Objet d’une récente visite réservée à la presse, le bâtiment sera équipé de 346 radiateurs d’un nouveau genre, les QH-1, mis gratuitement à la disposition de la Gironde par Qarnot Computing :
« Chacun est un bout de notre data center, et contient l’équivalent de trois ordinateurs », résume Miroslav Sviezeny, son directeur général.
La start-up française de 30 salariés donne dans le « cloud computing » : elle loue du temps d’ordinateur et de la puissance de processeurs à ses clients – grandes banques, laboratoires de recherches, studios d’animation -, très gourmands en capacités de calcul informatique.
Economie circulaire
Qarnot est loin de son concurrent OVH – 2,5 millions d’euros de chiffre d’affaires, contre 500 millions réalisés en 2017 par le géant français du cloud. Mais la société se targue de proposer des coûts « 2 à trois fois moins importants » que les autres fermes de données : au lieu de stocker ses serveurs dans des hangars climatisés, elle les délocalise dans des logements.
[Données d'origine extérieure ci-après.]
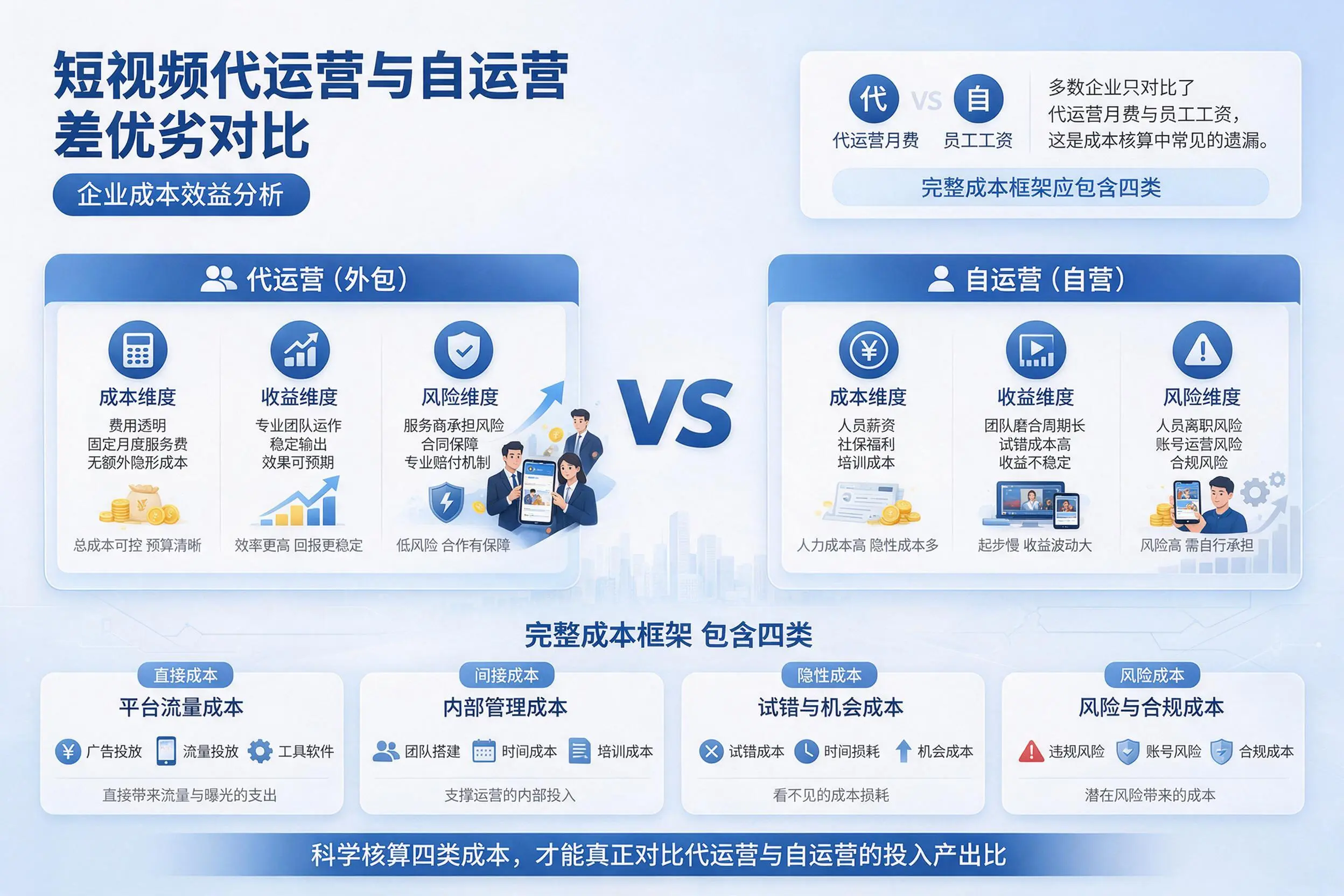 短视频代运营与自运营优劣对比:宿迁企业成本效益分析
« C’est de l’économie circulaire doublement utile, se réjouit Jean-Luc Gleyze, président du conseil départemental. On peut récupérer cette « chaleur fatale » d’ordinaire perdue pour chauffer un bâtiment, et éviter de consommer de l’énergie pour refroidir les processeurs. Dans la lutte contre la précarité énergétique, cela permettra d’aider des familles qui ont souvent du mal à payer leurs factures à la fin du mois. »
Pour résumer, poursuit Jean-Luc Gleyze, « c’est un partenariat public-privé qui coûte moins cher que le grand stade de Bordeaux », car c’est « BNP Paribas qui chauffera les locataires » de Gironde Habitat. La banque française est en effet un des principaux clients de Qarnot, auquel elle confie une bonne part de ses données.
Et s’il fait chaud ?
Pour les futurs locataires de la nouvelle résidence, l’économie de chauffage sera de quelques dizaines d’euros par mois, sans compter le Wifi gratuit également fourni par le radiateur. Pour l’ensemble du bâtiment, Qarnot estime l’économie globale à 30000 euros par an, contre un investissement initial de 800000 euros à ses frais.
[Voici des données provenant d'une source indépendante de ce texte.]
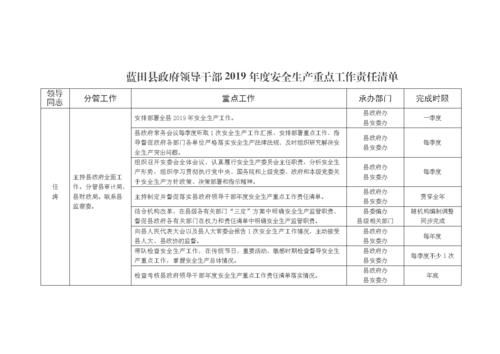 三责包含什么（三责包含什么?）-图3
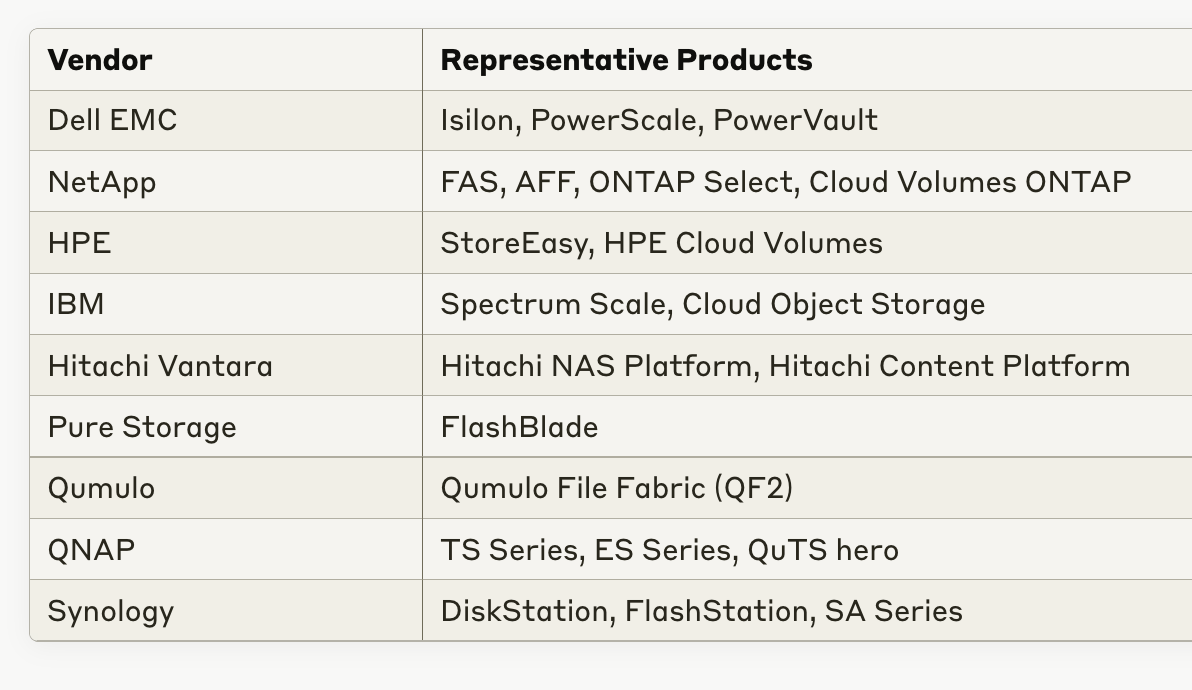 Research Note: Components of Network Attached Storage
Après les 290 radiateurs installés en 2013 dans 101 logements sociaux réhabilités par la Régie immobilière de la Ville de Paris, Qarnot étoffe son parc, désormais de 1000 machines. Si un autre bailleur social parisien devrait profiter de ses QH-1, cela reste encore insuffisant pour répondre aux besoins des clients de la société.
En outre, quand les radiateurs sont éteints, la société doit recourir aux services d’un autre data center. Aussi, pour répondre à ce problème de saisonnalité, Qarnot planche sur des chauffe-eau pour les piscines, qui ont elles besoin d’être chauffées toute l’année.
Le concept vaut en tous cas d’être creusé alors que le volume de données disponible sur Internet croit de façon exponentielle. La taille moyenne d’un data center a décuplé en dix ans, passant à 10000 m2 pour les plus récents, selon une étude de l’institut d’urbanisme de Paris sur les fermes de données franciliennes.
Et l’impact est considérable : d’après le think tank Shift Project, l’empreinte énergétique directe du numérique augmente de 9% par an, et les émissions de gaz à effet de serre du secteur ont bondi de 50% depuis 2013.